Project developers can now make profit from sites for industrial facilities in free economic zones, and requirements for reinvestment of development profits will also be eased.

These revisions are expected to facilitate development of about 30 project districts which do not have project developers yet.

The Ministry of Trade, Industry and Energy (MOTIE) announced last week that the revised Enforcement Decree of the Special Act on Designation and Management of Free Economic Zones will take effect last Tuesday. The Enforcement Decree addresses the price of sites for industrial facilities, reinvestment requirements for project developers’ development profit and requirements for project developers.

The revised Enforcement Decree was introduced to facilitate the development of project districts which do not have project developers or show relatively slow development due to low profitability.

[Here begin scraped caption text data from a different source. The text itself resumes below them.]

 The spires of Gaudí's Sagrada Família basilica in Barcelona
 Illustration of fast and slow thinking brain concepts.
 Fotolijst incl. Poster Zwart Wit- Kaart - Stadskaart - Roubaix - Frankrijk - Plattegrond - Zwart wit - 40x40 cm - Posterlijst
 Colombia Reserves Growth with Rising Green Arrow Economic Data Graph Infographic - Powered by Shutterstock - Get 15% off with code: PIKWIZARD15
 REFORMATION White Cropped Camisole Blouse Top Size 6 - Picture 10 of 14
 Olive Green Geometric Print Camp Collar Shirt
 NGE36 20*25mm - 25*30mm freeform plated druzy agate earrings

When the proportion of sites for industrial facilities in a project district exceeds 50 percent, developers can make profit within 15 percent of its construction cost. Currently, sites should be offered at a price lower than the construction cost, which has caused low participation in project districts with a high proportion of industrial sites.

The reinvestment ratio of profit gained from development used to be set at 25 percent to 50 percent, but was changed to 25 percent to reduce the burden on project developers.

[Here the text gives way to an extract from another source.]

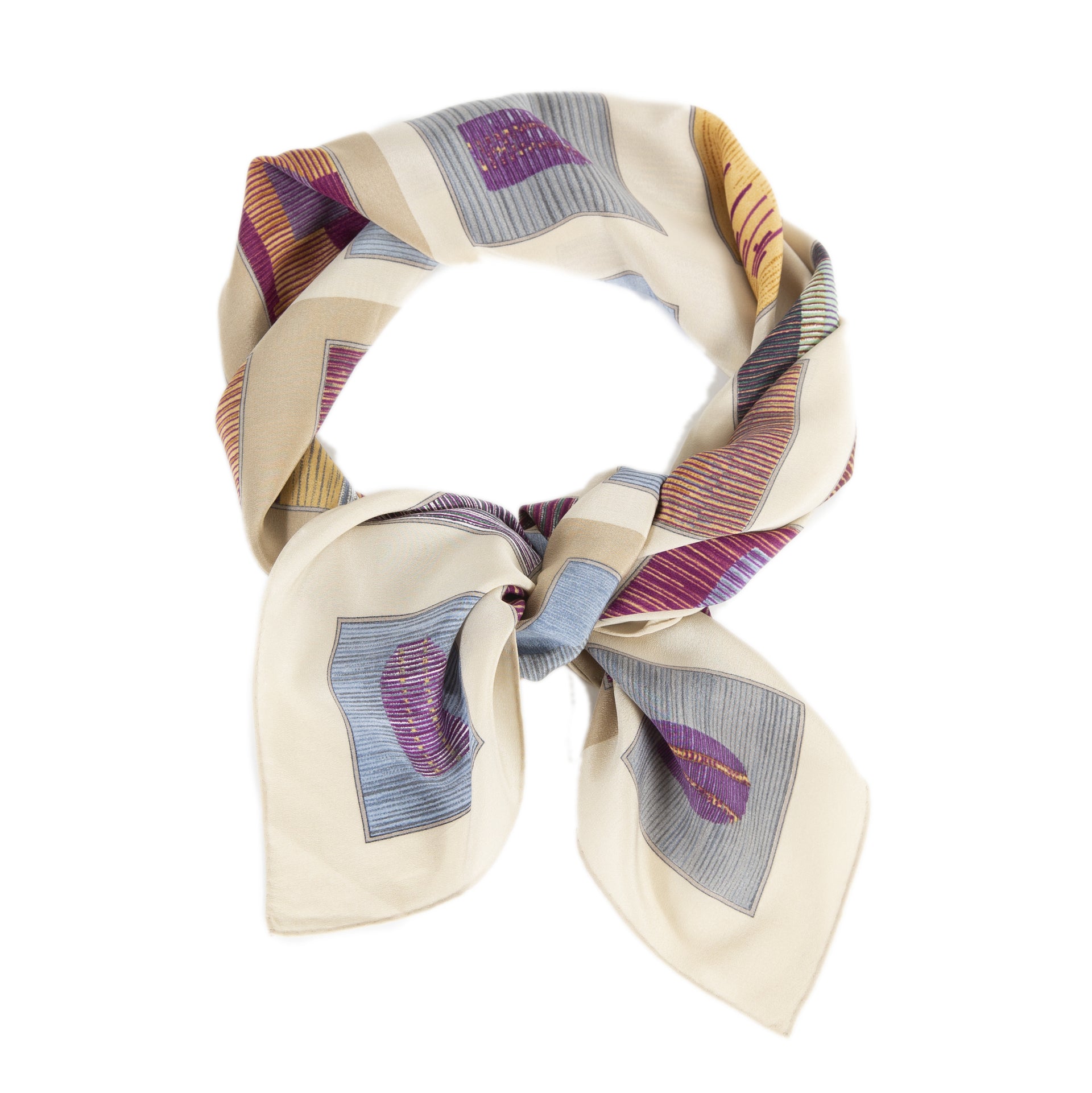 Devaux Beige Silk Square Scarf now for sale at labellov vintage fashion webshop belgium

The change was made because it was difficult for project developers to estimate the size of reinvestment, and the ratio was not consistent with the 25 percent stated by the Restitution of Development Gains Act.

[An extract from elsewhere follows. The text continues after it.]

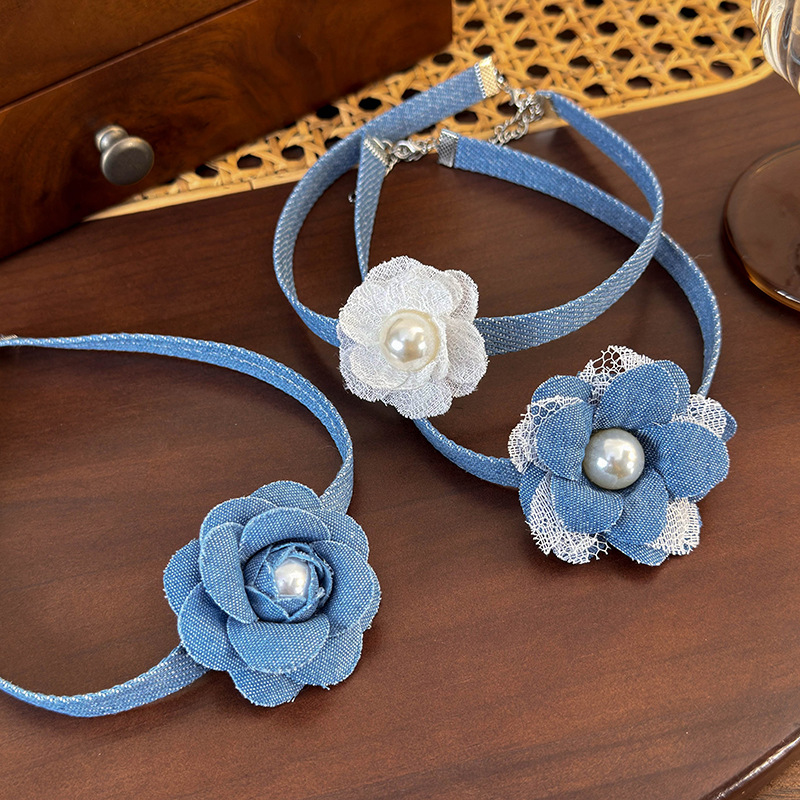 Denim Lace Flower Choker Necklace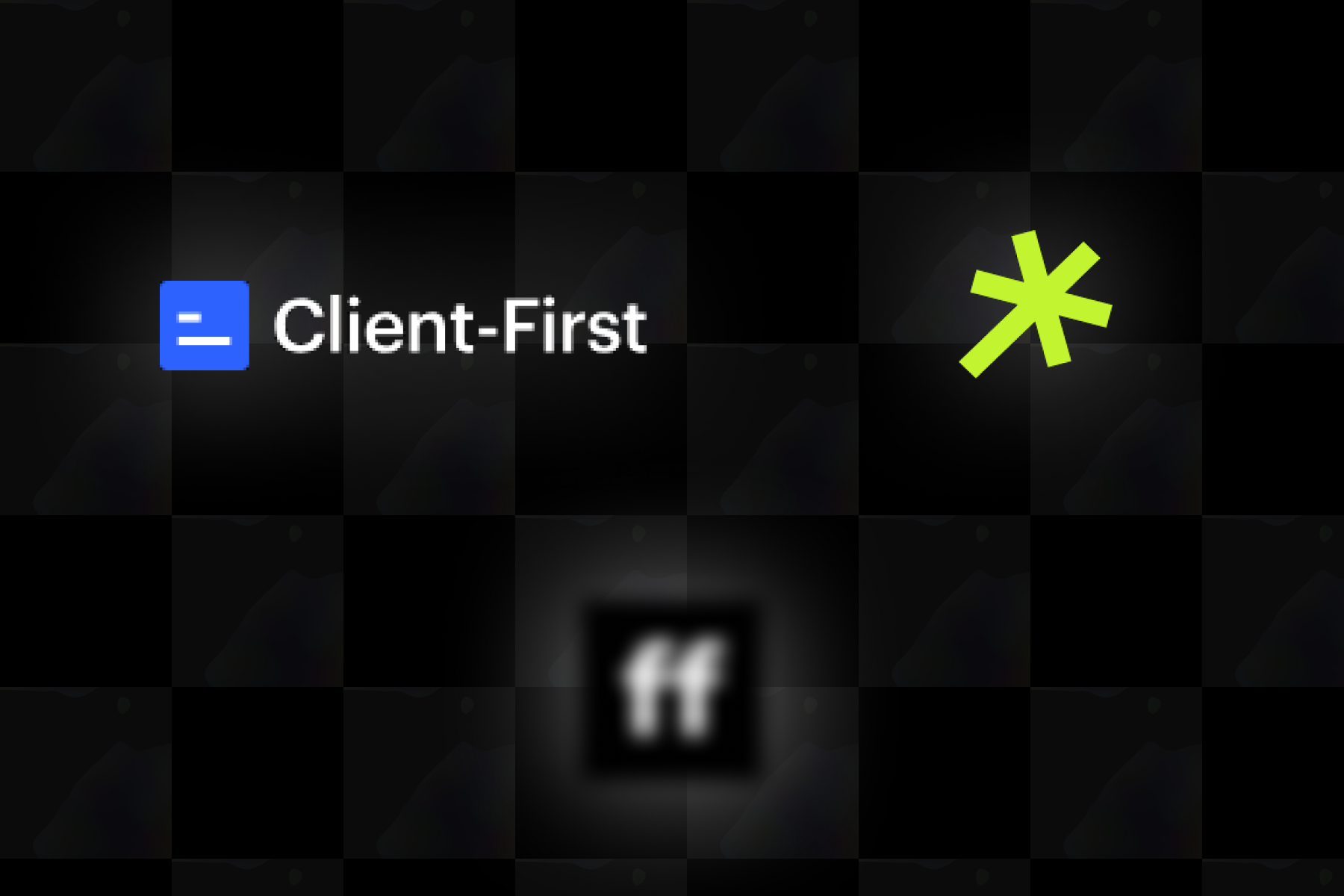 Logos of client-first, lumos, and founder-first displayed with modern design elements.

The revised Enforcement Decree allows construction companies to be designated as project developers if the assessed value of their construction capability exceeds the annual average of construction costs stipulated in the free economic zone development plan. So far, only 20 large construction companies could participate in projects due to difficult requirements.

The Enforcement Decree also allows large project districts wider than 3.30 million m2 to be divided into sections and developed in stages.

The previous regulation that required large districts to be developed all at the same time required massive construction costs, creating difficulties for project developers.

To prevent disorderly development, MOTIE set the minimum size of a development area to 30 percent of the total size of a project district. Project developers should also receive residents’ opinions and development plans should undergo a review by the Free Economic Zone Committee.

MOTIE forecast that the revised Enforcement Decree will eliminate barriers in development projects and facilitate participation from private construction companies.

MOTIE is also planning a revision of the Special Act on Designation and Management of Free Economic Zones to complete the development of free economic zones by 2022 and attract foreign direct investment of USD 20 billion over the next 10 years.

However, project districts which fail to find developers or establish development plans will lose their status.